Et cela fait bien un tout. Un crime a été commis ; nous venons d’assister à l’enquête qui nous a livré le nom du coupable : nous n’en demandons pas davantage. Apparemment la justice va suivre son cours. Le meurtrier sera-t-il acquitté ou condamné ? Parviendra-t-on à étouffer l’affaire ? Peu nous importe, au surplus. Nous ne connaissions pas ces gens et nous continuons à ne pas les connaître. Il n’y a pas de jour que n’éclate quelque drame de famille dont les feuilles publiques ou les gazettes spéciales nous apportent le récit détaillé. C’est un fait divers dont le hasard nous a rendus quasiment les témoins : ce n’est pas autre chose. La première pièce est terminée.
La seconde ne pouvait prolonger ces spectacles d’horreur : les nerfs, du public n’y auraient pas résisté. Toutefois le ton était donné. Sous peine de nous paraître fade par la comparaison, le nouveau drame devait être fait de situations violentes. Notons au passage les principales de ces situations.

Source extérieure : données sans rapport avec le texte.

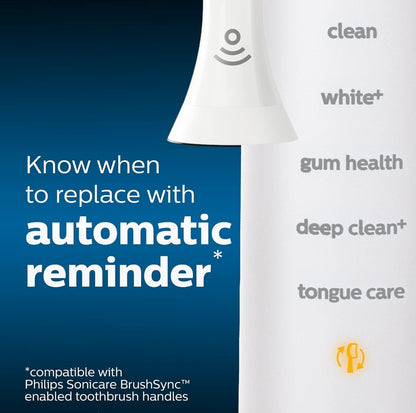 Philips Sonicare Oorspronklike G3 Premium Tandvleissorg Vervangende Tandeborselkoppe, 4 Borselkoppe (Wit) HX9054/65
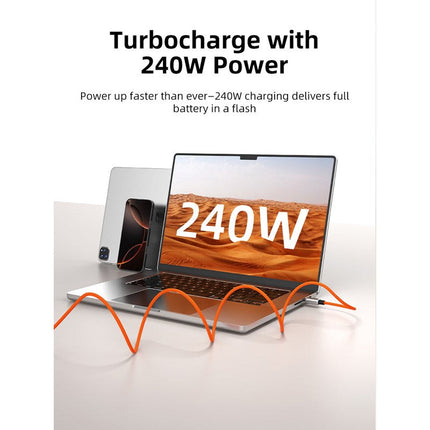 Cabletime Magnetic 240W PD Type-C Cable, Zinc Alloy, 2 Years Warranty, Orange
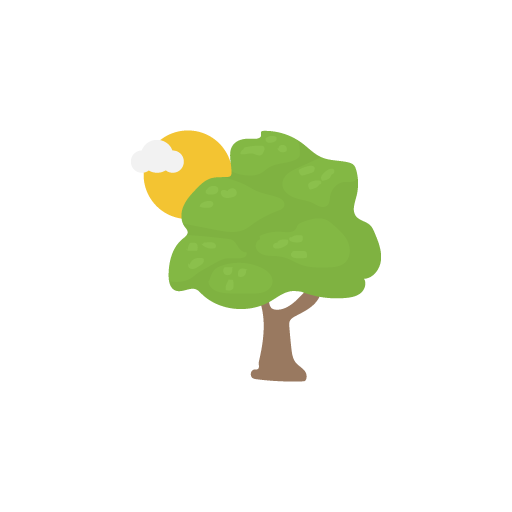 Free tree with sun flat icon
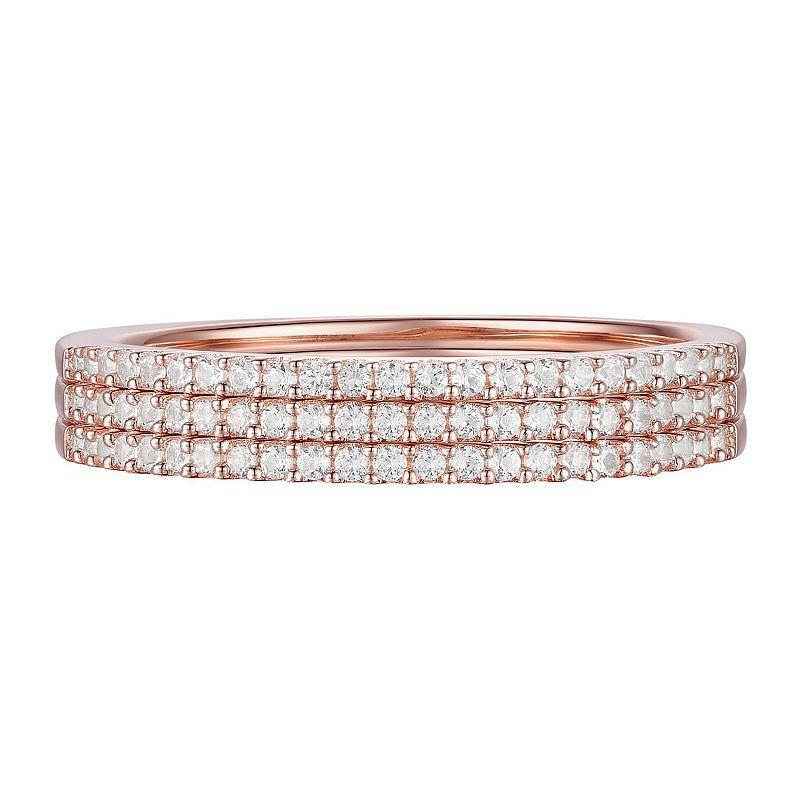 14k Rose Gold Over Silver 1/3 Carat T.W. Diamond Stack Ring Set, Womens White Product Image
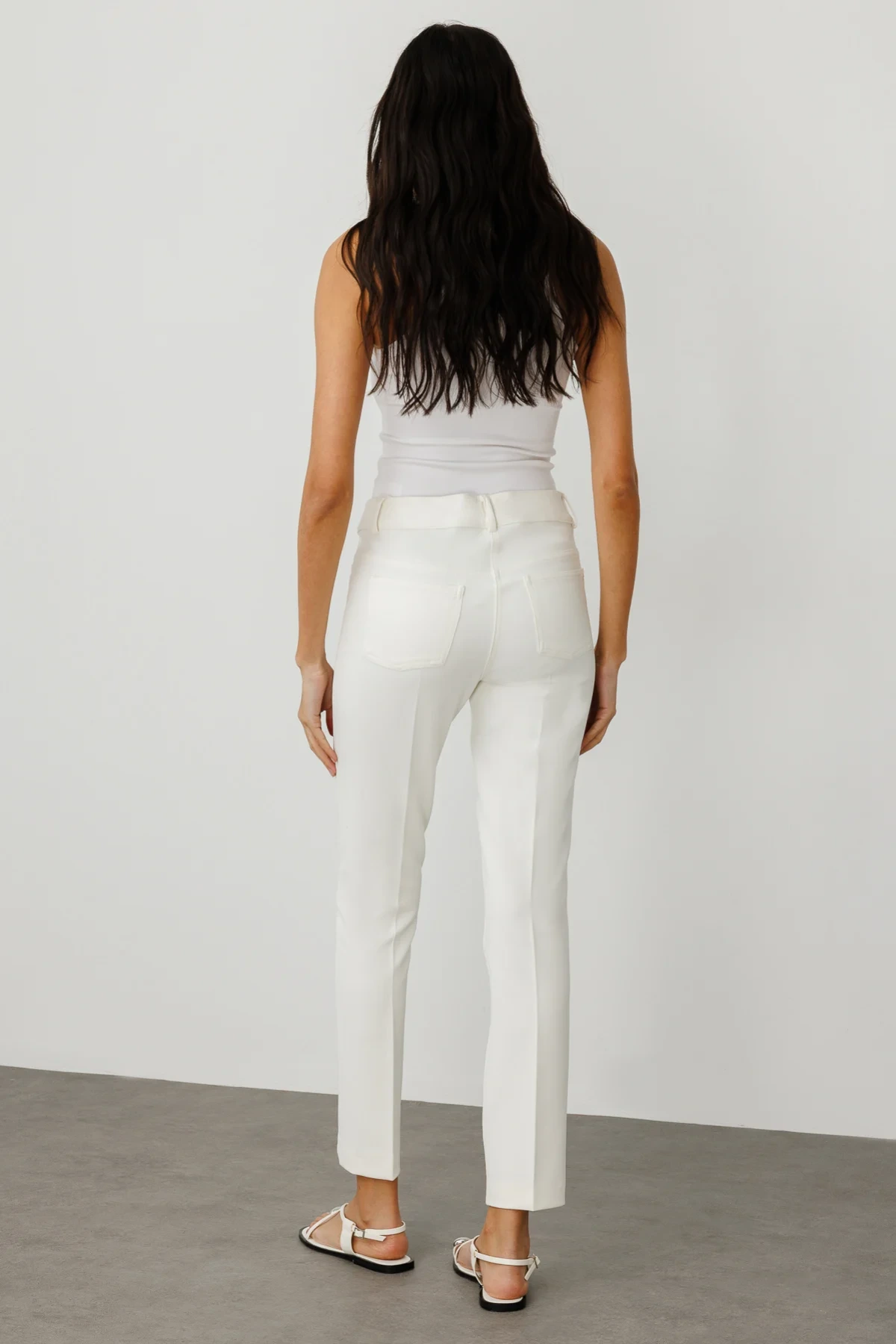 Ekol Dar Paça Kumaş Ekru Kadın Pantolon 02142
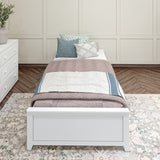 1075 XL TR W : Starter Bed Twin XL Platform Bed with Trundle, White
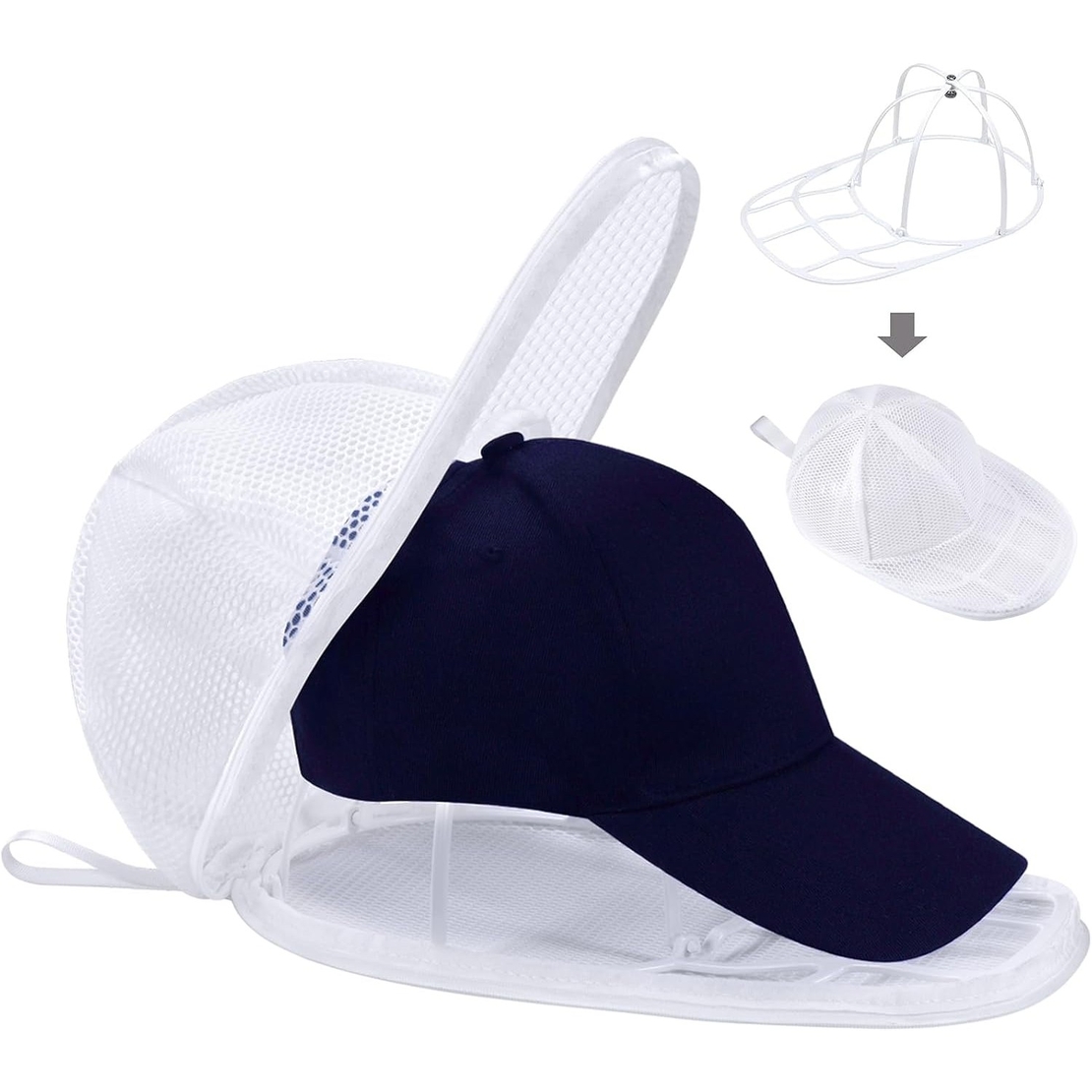 Husa de Spalare Sapca, Flippy, pentru Masina de Spalat, din Poliester, Circumferinta 53 cm, cu Fermoar, cu Suport Sapca, Alb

Quinze années se sont écoulées. La fille de la victime, Simone, qui à l’époque du drame avait six ans, en a maintenant vingt et un. On a réussi à la tenir dans l’ignorance absolue des circonstances où est morte sa mère et qui d’ailleurs ne se sont pas ébruitées, et Sergeac a mis sa coquetterie à l’élever dans le culte de cette mère indigne. Simone est une grande fille qui aime bien son papa. Elle l’aide dans des travaux archéologiques. Elle l’appelle « Patron ! » ce que je ne trouve pas d’un goût excellent ; mais il ne faut pas raffiner sur ce genre de gentillesses en famille. Ce calme ne pouvait durer toujours. Une échéance fatale approche : celle du mariage de Simone. Le secret maintenant va sortir de la tombe. Sergeac à plusieurs reprises le verra se dresser devant lui. Et comme le spectre de Banquo apparaissant à Macbeth, cette résurrection du passé le jettera chaque fois dans une crise d’affolement.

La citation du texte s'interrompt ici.